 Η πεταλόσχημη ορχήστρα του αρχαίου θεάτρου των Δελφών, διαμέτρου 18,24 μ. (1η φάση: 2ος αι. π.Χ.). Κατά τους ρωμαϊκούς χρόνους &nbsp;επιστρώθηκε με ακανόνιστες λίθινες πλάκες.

==

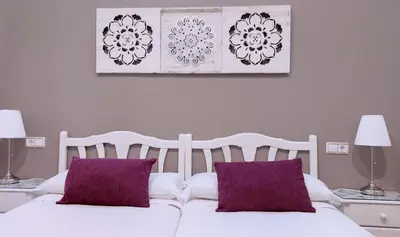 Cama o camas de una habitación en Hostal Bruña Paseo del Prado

---

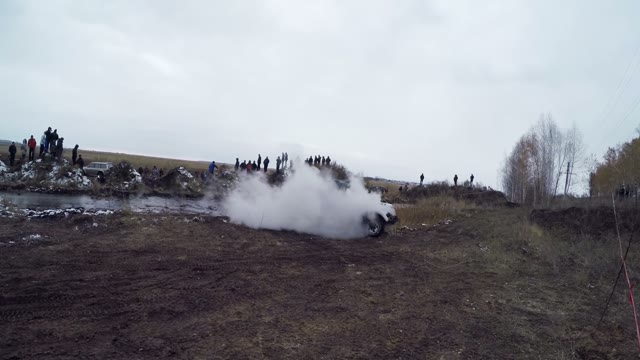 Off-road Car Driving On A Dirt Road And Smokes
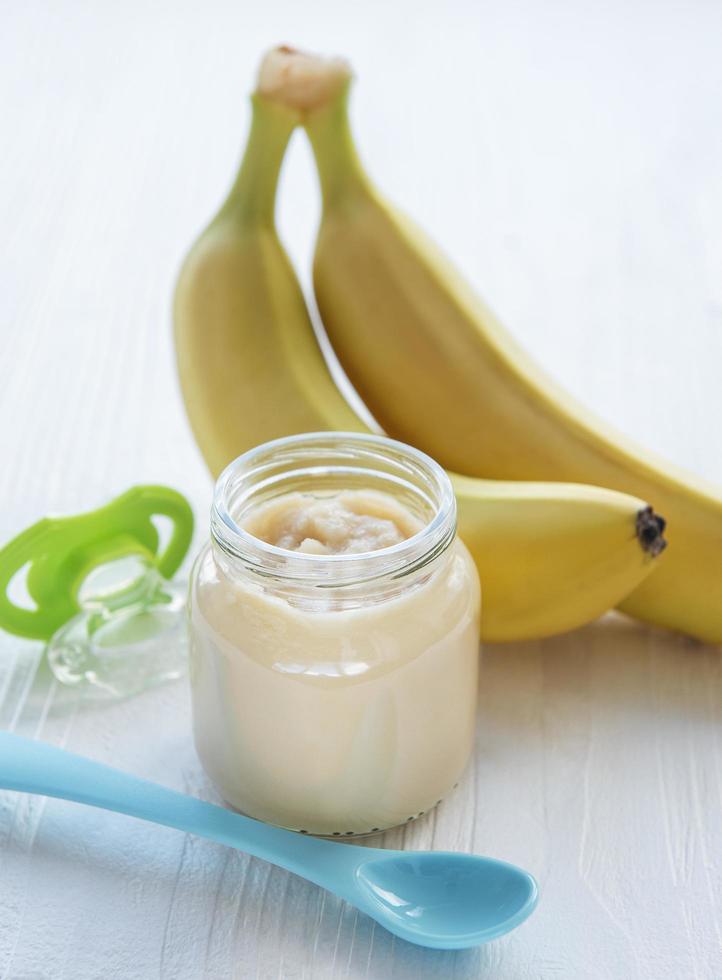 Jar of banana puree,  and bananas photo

_Exercise brief_: Above are the records. Copy word for word only their lines from the one holding "Off-road Car Driving" through the one holding "Jar of banana", both included, and skip the images.

_The completed task_:
 Off-road Car Driving On A Dirt Road And Smokes
 Jar of banana puree,  and bananas photo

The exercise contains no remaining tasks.